İnsanlar, katma değer yaratan devasa bir sistem içinde yaşar. Bu ekonomidir. Görünmez bir el tarafından (fiyat mekanizması) ile yönetilen bu sistemin “doğa, insan ve sermaye”den oluşan üç bileşeni vardır. Bu sistemin yarattığı katma değerler toplamına, iktisat dilinde “gayrisafi yurtiçi hasıla” veya yurtdışı gelir ve giderler de dahil edilirse “gayrisafi milli hasıla” denir.

Bunun kavramsal adı kısaca “milli gelir”dir. Zaten hesaplama yöntemine de “milli gelir muhasebesi” adı verilmiştir. Milli gelir, millet arasında bölüşülür. Milli gelir, nüfusa bölünürse “kişi başına milli gelir” rakamı bulunur.
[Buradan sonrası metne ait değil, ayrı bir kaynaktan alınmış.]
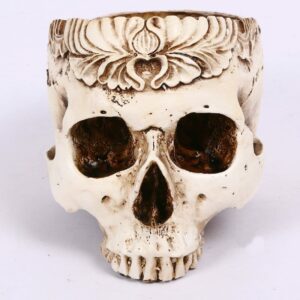 Skull Ashtray - Bride With Flower Crown - Resin Ash Tray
Pek tabii milli gelir eşit bölüşülmez. Çünkü herkesin katkısı aynı değildir. Ne var ki; milli gelirden çok pay alan da, mutlaka çok katkı yapan demek değildir. Milli gelir eşit dağıtılmamalıdır ama dağılım adil yani eşitlikçi olmalıdır.
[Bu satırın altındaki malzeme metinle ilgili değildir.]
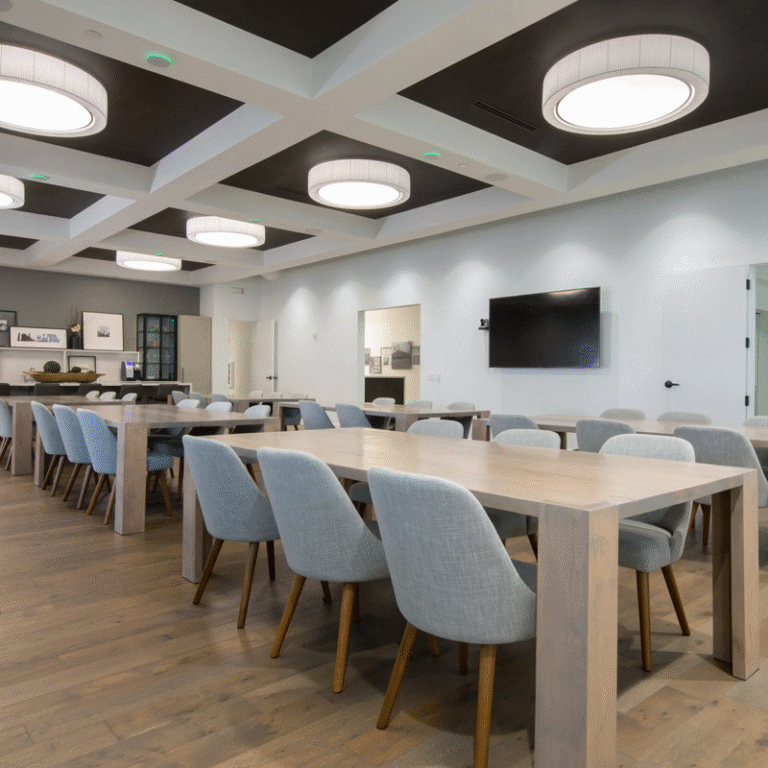 Hatcher Schuster Interiors, Morris Avenue, white modern minimal dining area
NİSPİ VE GENEL FİYAT ARTIŞI

Ekonomide arz, talebe denktir. Ama bu denklik kendiliğinden gerçekleşmez. Bu denkliği, zaman içinde “fiyat oynamaları” sağlar. Fiyatı sabitlemek, geminin dümenini veya arabanın direksiyonunu kilitlemeye benzer. Mutlaka kazaya sebep olur. Yani milli gelir azalır. Fiyatların dalgalanması, ekonominin sağlıklı işlediğine delalet eder. Ürün fiyatlarının birbirine göre artıp azalması yani nispi fiyat değişimlerinde eğim (trend) daima yukarı doğrudur.

Yani dengelenme, fiyatlar düşerek değil artarak gerçekleşir. Buna “enflasyon” yani “fiyatlar genel düzeyinin yükselmesi” denir. Yıllık yüzde 2 enflasyon, ekonomi için faydalıdır. Talebi canlı tutar. Daha düşüğü zararlıdır. Ekonomide büyümeyi durdurur. Örnek Japonya.

Enflasyonun yüksek olması “para birimi” denen aleti bozar. Enflasyon ne kadar yüksek olursa, bozulma o kadar ciddidir. Türkiye gibi yapışkan enflasyona duçar olan ülkelerin “para birimleri” bozuktur.

Bu yüzden onların paraları, paradan beklenen işlevleri yerine getiremez. O zaman onun (mesela TL’nin) yapamadığı işlevleri yapacak başka bir para birimi mesela “dolar” devreye girer. Ülke iki paralı olur. İki paralı ülkelerin ekonomisi kırılganlaşır. Gelir dağılımı bozulur.

HAYAT PAHALILIĞI

Pahalılık, hane halklarından (ailelerden) bir kısmının gelirinin enflasyondan daha az artması demektir. Genel bir kural olarak, kişi başına milli gelir azalmadıkça, hayat tüm aileler için pahalılaşamaz. Bazı aileler için ucuzlar.

Enflasyon yüzde 100’e ve hatta daha yukarı çıksa bile, ülkede “hayat pahalılandı” denemez. Çünkü artan her fiyat aynı zamanda bir gelir artışıdır. Pahalılık, esas olarak “ücretliler ve emekliler” için geçerli olan bir kavramdır. Çünkü onlar kendi maaşlarını artıramaz.

DEVLET HARCARSA HALKA HARCAYACAK PARA KALMAZ

Kişi başına milli gelir azalmasa bile, ithal malların fiyatı ihraç mallarından fazla artarsa pahalılık olur. Eğer devlet, harcamalarını milli gelir artışından daha yüksek oranda artırırsa pahalılık yaratabilir. Mesele devletin yurt dışından dövizle borçlanarak “Her yatırım iyidir” diye “getirisi, götürüsünü karşılamayan” gösteriş yatırımları yapması pahalılığı azdırır.

Aynı şekilde devletin, milli gelir artışından daha yüksek oranda askeri, sivil ve itibar harcamaları yapması da halkın “harcanabilir gelirini” düşürür.

Son söz: Devlet devleştikçe, halk cüceleşir.